Work item
When you reach the line in the listing below that contains "Variant Cover for Farscape #5", begin returning lines exactly as written, and stop after the line that contains "sulla salute La". Return no other lines.

Data for analysis
········

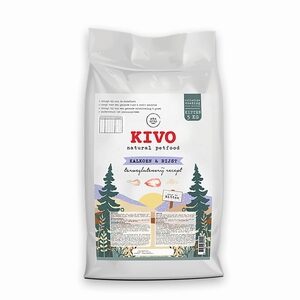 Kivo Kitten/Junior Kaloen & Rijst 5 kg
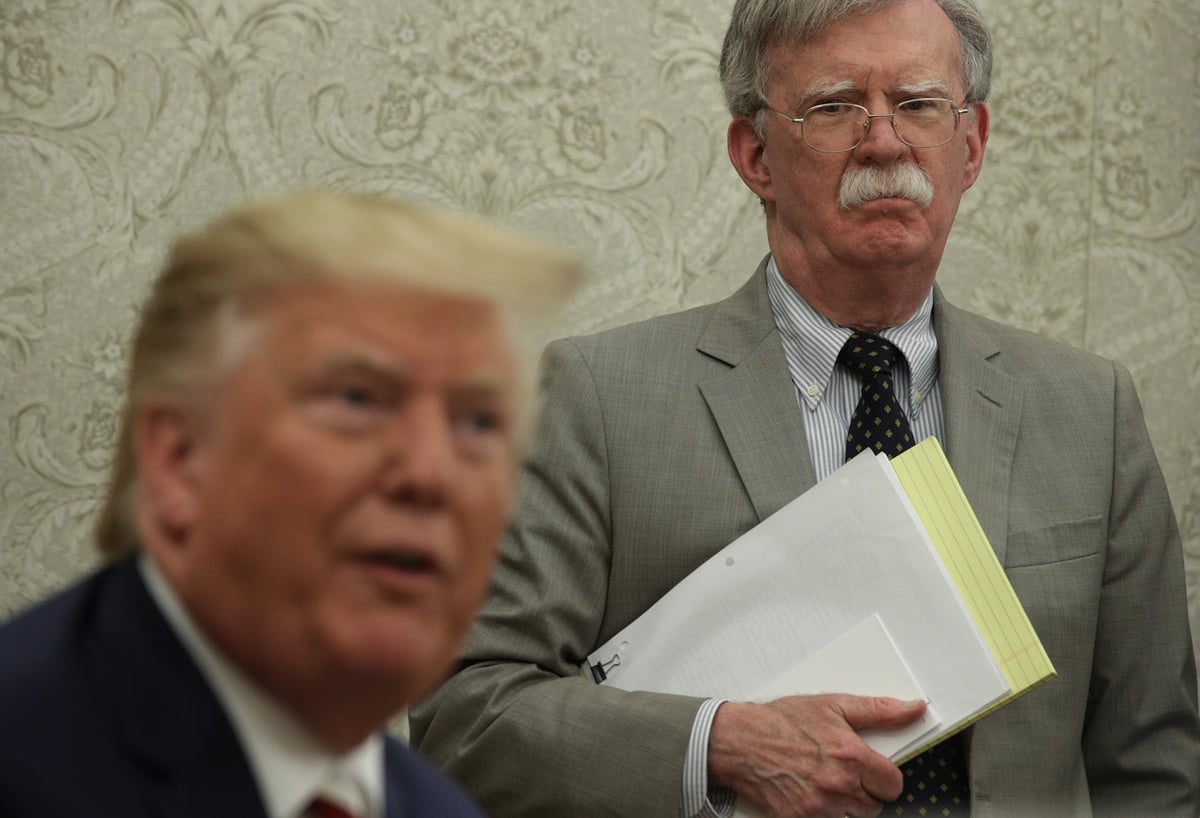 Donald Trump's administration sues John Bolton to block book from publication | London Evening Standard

········

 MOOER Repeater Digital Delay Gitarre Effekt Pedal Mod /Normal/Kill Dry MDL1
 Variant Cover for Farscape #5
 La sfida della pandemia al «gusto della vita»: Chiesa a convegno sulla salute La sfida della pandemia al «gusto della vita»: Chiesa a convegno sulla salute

········

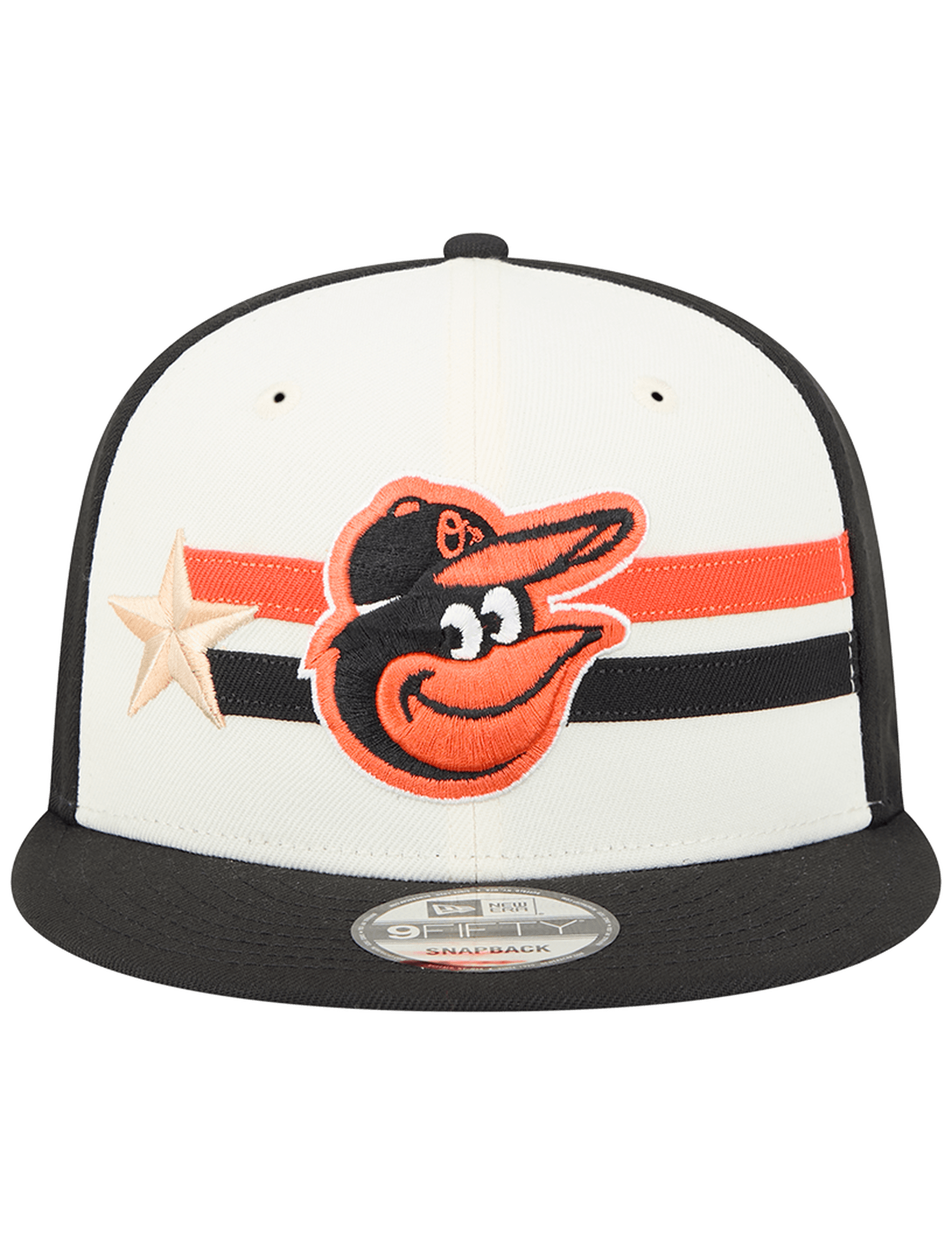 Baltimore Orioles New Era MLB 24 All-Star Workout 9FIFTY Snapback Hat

········

Exercise result
 Variant Cover for Farscape #5
 La sfida della pandemia al «gusto della vita»: Chiesa a convegno sulla salute La sfida della pandemia al «gusto della vita»: Chiesa a convegno sulla salute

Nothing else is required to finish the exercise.